I’m not going to repeat the explanation of how sequential UUIDs work – you can find that in the previous post. I’ll just show results on SSDs, with a short discussion.
The tests were done on two different systems I always use for benchmarking. Both systems use SSDs, but quite different types / generations. This adds a bit more variability, which seems like a good thing in this sort of tests anyway.
i5-2500K with 6 x S3700 SSD
This first system is a fairly small (and somewhat old-ish), with a relatively old Intel CPU i5-2500K with just 4 cores, 8GB of RAM and 6 Intel S3700 SSD disks in a RAID0.
The following chart illustrates the throughput for various test scales:
The degradation is clearly not as bad as with rotational storage – on the largest scale it drops “only” to ~50% (instead of ~20%). And for the medium scale the drop is even smaller.
But how is that possible? The initial hypothesis was that the I/O amplification (increase in number of random I/O requests) is the same, independently of the storage system – if each INSERT means you need to do a 3 random I/O writes, that does not depend on storage system type. Of SSDs do not behave simply as “faster” rotational device – that’s an oversimplification. For example most SSDs are internally much more parallel (i.e. can handle more requests concurrently than rorational devices) and can’t directly overwrite data (have to erase whole blocks etc.) which matters for random writes.

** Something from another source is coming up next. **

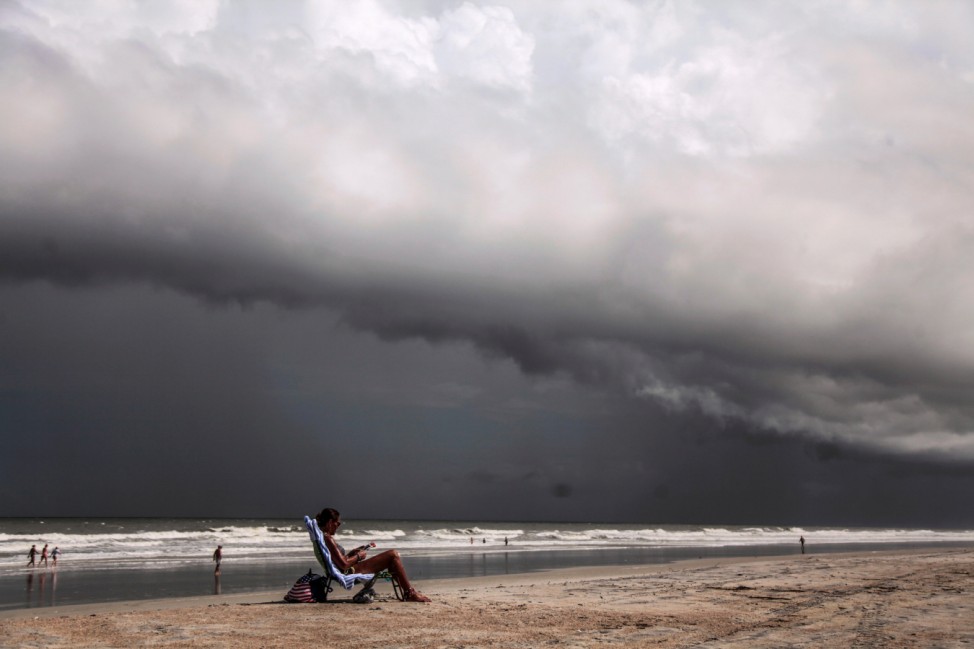 Tricia Cheshire, a resident of Amelia Island sunbathes for the last few minutes before storms hit the coast before Hurricane Dorian in Jacksonville, Florida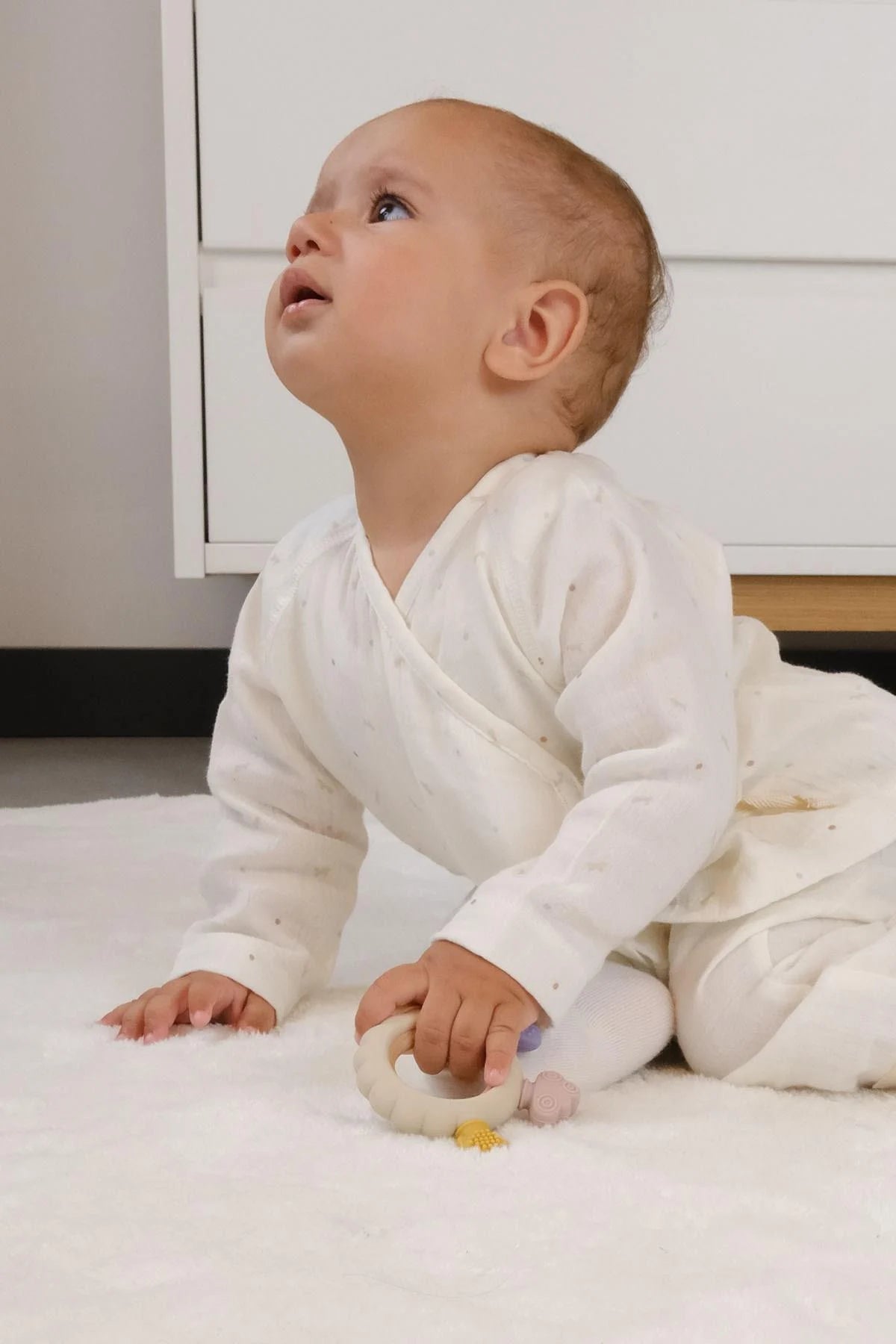 Baby playing with Little Gusto silicone and wooden teether, promoting sensory exploration and grasping skills.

But there’s another reason why the random UUIDs perform much better here, illustrated by these WAL stats (all the charts are already normalized to the same throughput):
Note: I’m not showing a chart for the “small” scale here, because due to the high throughput on SSDs the table grows so fast the results are virtually equivalent to the “medium” case. On rotational drives it takes ~4h for the table to grow to ~400MB, while on SSDs the table grows to about 5GB. Which is pretty close to where “medium” starts on this system.
If you compare these charts to the 7.2k SATA results, you’ll notice that on rotational storage >95% of the WAL volume was in FPI. But on SSDs, the fraction of FPI WAL records is much lower – roughly 75-90%, depending on the scale. This is a direct consequence of the much higher throughput on SSDs, because it increases the probability that a given page is modified repeatedly between checkpoints. The non-FPI records are much cheaper, and represent disproportionate number of transactions.
That being said, it’s clear the sequential UUIDs produce much less WAL, and results in significantly higher throughput on the large data set.
e5-2620v4 with Optane 900P SSD
The second system is much beefier and newer (and it’s the same system that was used to collect the 7.2k results). It’s using a fairly new Intel CPU e5-2620v4 with just 8 cores, 64GB of RAM and Intel Optane 900PSSD.
The following chart illustrates the throughput for various test scales:
Overall this seems fairly similar to results from the smaller system (ignoring the fact that the numbers are 10x larger). One interesting observation is that the sequence (256)
case falls behind on the large data set, most likely due to wrapping around often thanks to the higher throughput. The WAL stats charts (again, omitting results for the “small” scale) look like this:
Again, fairly similar to the smaller system, although on the large scale the fraction of FPI pages gets close to the 95% of WAL observed on the 7.2k SATA storage. AFAICS this is due to “large” being about 10x larger on the NVMe system, because it’s derived from the amount of RAM (i.e. it’s not the same on both systems). It also means the checkpoints are triggered more often, causing another round of FPI being written to the WAL.
Conclusion
It’s not easy to compare results from rotational and SSD tests – the higher throughput changes behavior of several crucial aspects (more frequent checkpoints, lower fraction of FPI records, etc.). But I think it’s clear sequential UUIDs have significant advantages even on systems with SSDs storage. Not only does it allow higher throughput, but (perhaps more importantly) it reduces the amount of WAL produced.
The reduced WAL volume might seem non-interesting because the WAL is generally recycled after a while (3 checkpoints or so). But on second thought it’s actually very important benefit – virtually everyone now does base backups, WAL archiving and/or streaming replication. And all these features are affected by the amount of WAL produced. Backups need to include a chunk of WAL to make the backup consistent, WAL archival is all about retaining the WAL somewhere for later use, and replication has to copy the WAL to another system (although FPI may have significant positive benefit on the recovery side).